# Meet Jerry!



## rubinthebetta (Oct 9, 2012)

Jerry is my new female albino rat. She used to be part of the class science experiment where she got sugar water and her sister got milk. So I've ended up adopting Jerry, who I nicknamed Jerr-Jerr, and I'm loving it! Last night I took Herry out of her cage and she just slept on my chest while we laid there. Best. Thing. Ever! She loves people, lettuce, kale, and a piece of fuzzy fabric that is her blanket. Here's her munching on kale. Sorry that the cage wire is in the way. And that it's sideways.


----------



## Crowntails (Feb 12, 2013)

You should get her a friend! Rats like being in pairs.


----------



## rubinthebetta (Oct 9, 2012)

I would, but when the teacher put the two rats in the experiment (one was Jerry) together, even though they were sisters, they fought a *lot*. So much that Jerry had to surrender. So I think just one rat for now, because I honestly don't want the fighting to happen a lot/get extreme.


----------



## Crowntails (Feb 12, 2013)

Oh ok. I wouldn't risk it then!


----------



## rubinthebetta (Oct 9, 2012)

Yeah. But she's mommy's little girl, so I'm not going to worry about her getting too lonely.


----------



## Artemis (Mar 9, 2013)

AWH!!!! She is so cute!! Females can be testy if that makes any sense at all.
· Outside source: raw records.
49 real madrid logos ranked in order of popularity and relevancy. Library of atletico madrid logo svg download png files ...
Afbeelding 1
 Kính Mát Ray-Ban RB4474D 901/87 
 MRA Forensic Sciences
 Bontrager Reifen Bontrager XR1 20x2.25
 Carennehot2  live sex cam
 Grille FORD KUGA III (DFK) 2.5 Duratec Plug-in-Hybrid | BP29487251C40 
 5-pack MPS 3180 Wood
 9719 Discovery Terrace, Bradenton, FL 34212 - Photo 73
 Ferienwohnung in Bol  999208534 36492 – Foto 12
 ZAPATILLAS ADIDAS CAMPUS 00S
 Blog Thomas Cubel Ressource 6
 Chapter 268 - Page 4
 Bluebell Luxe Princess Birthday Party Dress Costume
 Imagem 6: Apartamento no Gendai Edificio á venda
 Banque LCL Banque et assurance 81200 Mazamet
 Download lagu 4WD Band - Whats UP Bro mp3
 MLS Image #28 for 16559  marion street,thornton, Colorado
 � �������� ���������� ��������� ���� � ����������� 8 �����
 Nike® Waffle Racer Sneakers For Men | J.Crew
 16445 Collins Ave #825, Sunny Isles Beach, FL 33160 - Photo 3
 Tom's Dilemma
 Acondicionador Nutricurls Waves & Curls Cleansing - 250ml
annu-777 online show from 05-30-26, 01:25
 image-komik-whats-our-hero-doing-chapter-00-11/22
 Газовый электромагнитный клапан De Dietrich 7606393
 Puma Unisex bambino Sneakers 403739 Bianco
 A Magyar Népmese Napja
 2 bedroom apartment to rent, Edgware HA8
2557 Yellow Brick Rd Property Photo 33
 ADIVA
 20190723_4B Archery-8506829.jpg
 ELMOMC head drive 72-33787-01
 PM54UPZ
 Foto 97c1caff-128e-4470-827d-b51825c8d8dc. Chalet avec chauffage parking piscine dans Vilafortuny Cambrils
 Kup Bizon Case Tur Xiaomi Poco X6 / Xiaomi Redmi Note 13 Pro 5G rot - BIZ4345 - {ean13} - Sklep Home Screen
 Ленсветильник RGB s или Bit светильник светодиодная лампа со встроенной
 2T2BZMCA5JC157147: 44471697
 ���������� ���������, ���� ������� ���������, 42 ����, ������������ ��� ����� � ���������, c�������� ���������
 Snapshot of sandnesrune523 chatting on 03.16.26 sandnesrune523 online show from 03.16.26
I bet she is jealous of your bettas and vice versa.


----------



## rubinthebetta (Oct 9, 2012)

No, not really. Jerry hasn't even seen them yet, but my puppy has. The silly thing keeps trying to kiss Jerry. :lol: As for the bettas, the reason they haven't seen each other is because Jerry is in a different room since I have no place to put her cage on my room. Oh well. She loves her current room, though, and gets plenty of attention.


----------



## Artemis (Mar 9, 2013)

I just got a job with the IAPL. International Animal Protection League and you are a clear violator. We will confiscate "Jerry" on terms of you giving more then the maximum limit of SNUGGLES!!!!!!!


----------



## rubinthebetta (Oct 9, 2012)

Artemis-Really? 'Cause I'm giving her a billion snuggles everyday! :rofl:


----------